Friday, September 13, 2013

On dancing flamenco

Some words about a very personal experience that happened at my flamenco class yesterday.

'Chest open! Chin up! Stand taller, look higher than you normally would' shouted our flamenco teacher. 'You are dancing tarantos! When you dance tarantos the audience should cry!'. We laughed. 'Try and make me cry! I want to see lots of feeling!'. We laughed again: who will cry watching us dance under that awful sports hall light, covered in sweat? OK, maybe we can try this. How can I put lots of feelings into it, give it more intensity? Then I think about my dead. I imagine them in the room, sitting on the floor in front of the mirror, watching me dance. My grandmother, my aunts, my friends. They give me 'feeling', they make me dance more intensely, those people who will never see me dance. How can I impress them? I concentrate more on my elbow (drop it down, drop it down), on my weight when I lean forward (not too much), on my balance. It's kind of working but of course they are not there. Wherever they are, can they hear me stamp? I stamp harder, louder than I did before, in the hope that the sound will reach them. Pa-ra-tat-tat! Hello it's me I am dancing for you! Can you hear me out there? I get home and I think about this moment again, and how morbid it is: really, I should think about my friends that are alive and present, and how I would dance tarantos for them. I talk to my partner about important things, I sign some papers about buying a flat. Moving forward. Chest: open. Chin: up.

Sunday, August 11, 2013

Re:Rosas - You Danst Rosas


I've mentioned it before, but I'd love for amateur contemporary dance classes to include the chance to learn well-known pieces of choreography, in the same way that a ballet class might teach you some pas de trois by Petipa or some riff on Bejart. Who wouldn't love to learn a bit of Pina Bausch for example?

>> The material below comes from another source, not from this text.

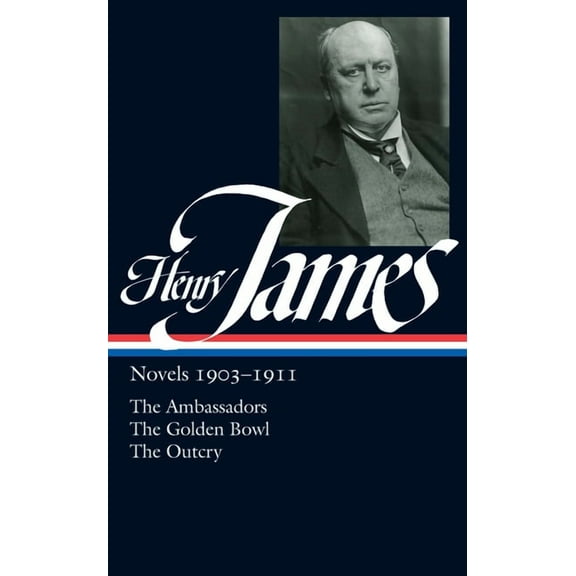 Library of America Complete Novels of He Henry James: Novels 1903-1911 (Loa #215): The Ambassadors / The Golden Bowl / The Outcry, Book 6, (Hardcover)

Well Anne Teresa de Keersmaeker has kind of answered my call. To celebrate the 30 years of her work Rosas danst Rosas, she is teaching the moves of the piece's chair section online, and inviting us to film ourselves performing it and send her the results. 

From the first time I saw this work, I've always wanted to know the moves of this iconic section, and get hold of the music too. Well it's all on the Re:Rosas website, so pull up a chair and get learning! There are some great film submissions already to get you inspired.